Paige Alms during the final of the Peahi Challenge. Photo: WSL/Kelly Cestari

Paige Alms during the final of the Peahi Challenge. Photo: WSL/Kelly Cestari


The Inertia

Women everywhere struggle for equality. We are seeking out equal pay for equal work. We are striving to be viewed as a person rather than an object. And we look for support for victims of sexual assault, rather than blame. All this to name a few (quite major) concerns. Aside from these social necessities, women need equality in sports.

As a female surfer, I grew up with more concerns about my gender than I ever should have had to experience. I was not welcomed in the lineup at many beaches because I am a girl. I was spoken to harshly and the men at the beach regularly doubted my ability, frequently dropping in on my waves. I always felt like I didn’t matter, like I was stepping into their arena and the men didn’t want me there. As I kept surfing through adolescence, I developed body image insecurities. The surf industry’s portrayal of women is most often painting a picture of the tanned, flawless beauty sporting small bikini tops and bottoms that are pretty difficult to keep on while surfing, and that image impacted me heavily and contributed to many of my insecurities. Nevertheless, I continued to surf. But I understand that us women have a long road ahead to fight for equality.

A big uproar taking place in the surf community now is the recent submission of female big wave surf contests. The first of these events took place just this year and the Committee for Equity in Women’s Surfing urged the California Coastal Commission to ensure women be allowed their own contest in the coming season. People continue to argue about whether or not this truly is a step up for women’s rights in surfing, and I am gladly joining the debate. However, the facts are here and concrete truths about these events exist: the Titans of Mavericks contest is only including women because the event coordinators have been forced to do so. And there are plenty of opinionated blog and article entries about why women should or should not be included in these events to begin with. I don’t want to continue that argument, as I believe that if a woman is capable and willing to ride 20 foot waves, she should have every right to demonstrate that. But I do want to contribute to moving forward from here. I want to encourage more growth of women rights in the surf industry and help to create a more accepting atmosphere in the ocean.

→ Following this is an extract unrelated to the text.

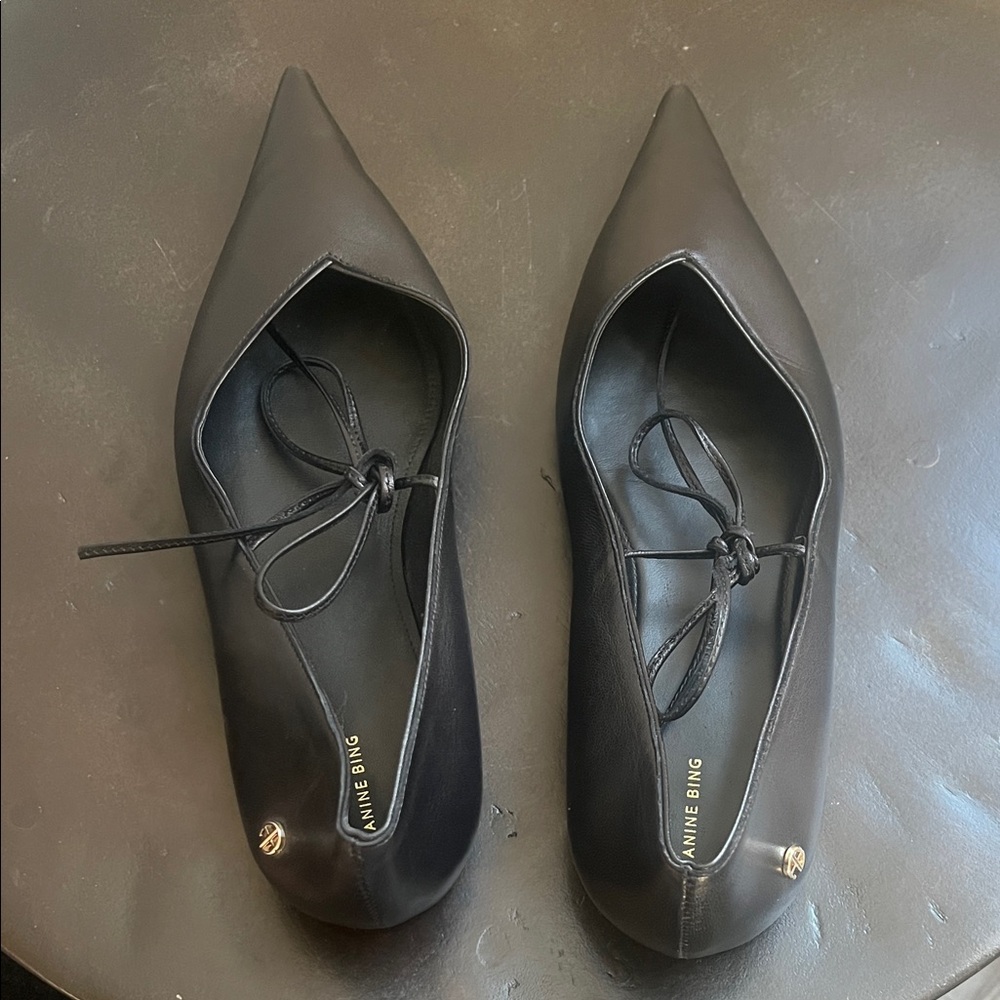Anine Bing Nikki Flats - Black leather pointed - Picture 3 of 13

Especially in the wake of the recent presidential election of Donald Trump, a man who refers to women as objects that are his for the taking, I want to see the surf industry demonstrate the ideology that women are valuable and worthy. I don’t want the next trailer for a women’s contest to showcase footage of girls in small bikinis, simply walking down the beach; I want to see them shredding. I want to hear the word beauty as a way to glorify a woman’s power and control while surfing, not ads with that familiar shot from behind a women paddling out to the lineup. Female surfers are strong warriors, just like the men, and I would like to see the surf culture value their strength before co-opting their sexuality.

I know I don’t have a concrete, simple solution to bring equality into surfing. There is no one answer that will relieve the ocean of the misogyny that people bring into it, but I would like to hear opinions for potential action to promote equality in the surf industry.